2023.10.02
オトナの5分読書 Vol.7
下記のつい言ってしまいがちなフレーズ、言い換えてみましょう。
・絶対遅れるな
・やる気を出せ!
・サボるんじゃない!
押し付け型の命令は、相手の反抗心に火をつけ、かえってこじらせてしまう副作用があるほか、子どもや部下が自ら考え、行動する力を奪ってしまいます。
「しつけ」や教育という名目の行き過ぎた支配は、長期的に見てなんのメリットもありません。
・絶対遅れるな
➠締め切りギリギリにならないようにしたいよね
・やる気を出せ!
➠なんでモチベーションが下がったのか教えてくれる?
・サボるんじゃない!
➠どこが難しいんだろう。どうしたらいいかな?
明らかに「命令」より「提案」のほうが、相手の行動を導きやすいのではないでしょうか。

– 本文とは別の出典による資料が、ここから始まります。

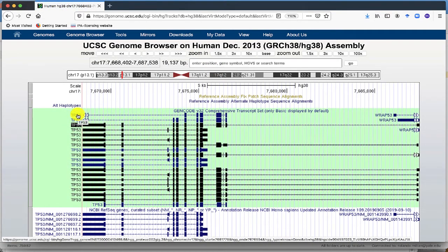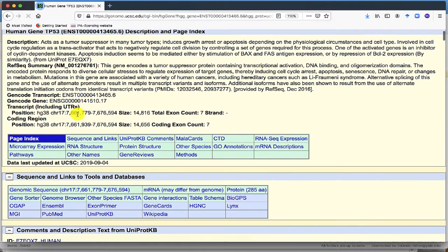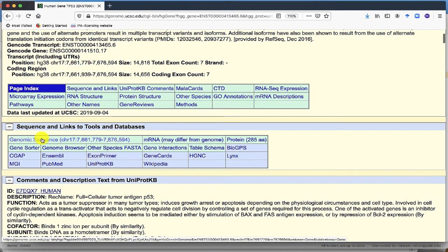Click on the name of the gene, scroll down and click on the genomic sequence of the gene.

部下の「ほうれんそう」を待つより、「提案」や「問いかけ」のクセをつけていきましょう。
職場でも、一方的に決めつける前に、落ち着いて、
・どうした?
・最近、仕事はどう?
・調子はどう?
・心配そうな顔をしているけど、何か困ってない?
・◯◯◯についてどう思う?
などといった声掛けから始めてみてください。
「命令型」は百周遅れ、令和の新しいリーダーシップ像とは
ここ最近、就任した新社長たちとお話しする中で、気づいたことがあります。
かつてのような「トップダウン型」「強権型」のリーダーは減り、「対話型」「共感型」のリーダーがとても増えているのです。
みなさん「話を聞くこと」や「対話」「チーム」を大事にしています。
サッカー日本代表の森保監督や、WBCで日本代表を率いた栗山監督なども「チーム重視」「全員がリーダー」と口にするように「共感・対話型」のリーダーシップを発揮していましたね。

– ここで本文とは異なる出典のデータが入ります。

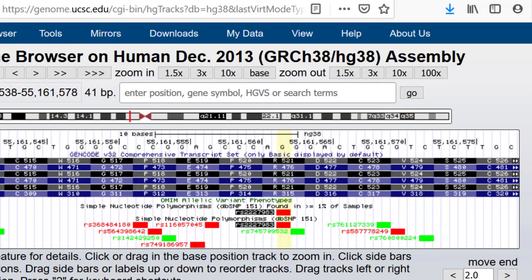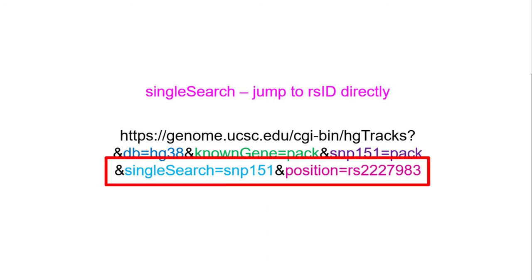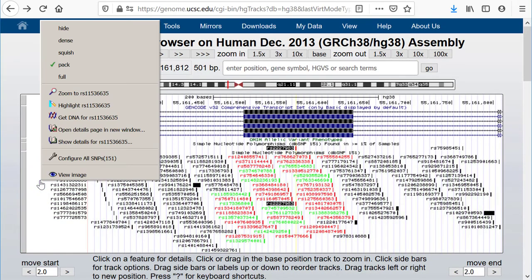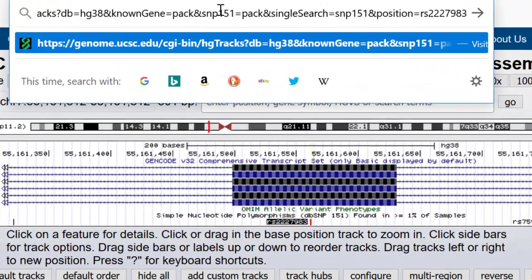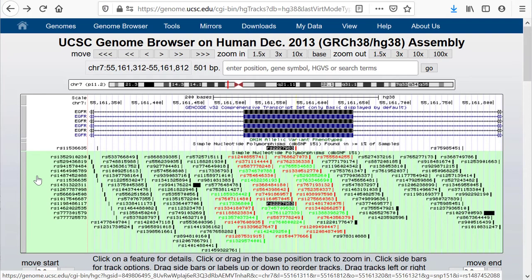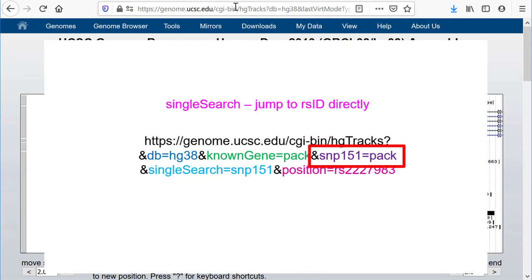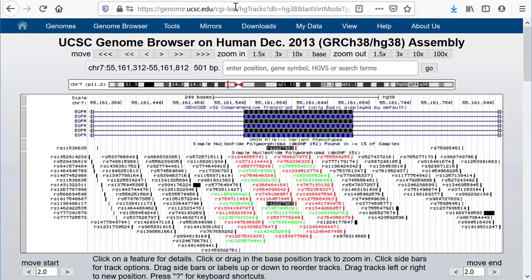You can get around the disambiguation page if you use singleSearch, which we saw earlier in the context of searching for genes. Specify the search table as SNP151 and the position using an RSID — so we have ampersand singleSearch equals SNP151 and position equals RSID. Let's turn off the SNP151 track and use the URL to confirm that it will turn back on. We see that it does. If you use hideTracks=1 in your URL, then you must also turn on the SNP151 track explicitly if you are using singleSearch. Otherwise, you will go to the correct location, but the track will be hidden.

「ダルビッシュさんは年下の選手にも同じ目線で話してくれています。そこで僕の意見を言って、またそれに対する意見をもらったりする」
千葉ロッテマリーンズの佐々木投手はこんなコメントをしていましたが、上下関係にこだわらず、フラットにコミュニケーションできるチームだったからこそ、最高の成績を残せたのではないでしょうか。
リーダーは「強権・教官型」から「共感型」へ。
これはグローバルの流れです。
実際にアップルのティム・クック、マイクロソフトのサティア・ナデラ、グーグルのサンダー・ピチャイなどは、まさに社員に寄り添い、背中を押す「共感」系リーダーの代表格。
イーロン・マスクのような例外もいますが、気がつくと、アメリカの企業リーダーはほとんどが「共感型」にシフトしています。
この潮流が日本にも押し寄せている、ということ。
とくに最近、職場で「心理的安全性」「エンゲージメント」が重要だなどとよく言われます。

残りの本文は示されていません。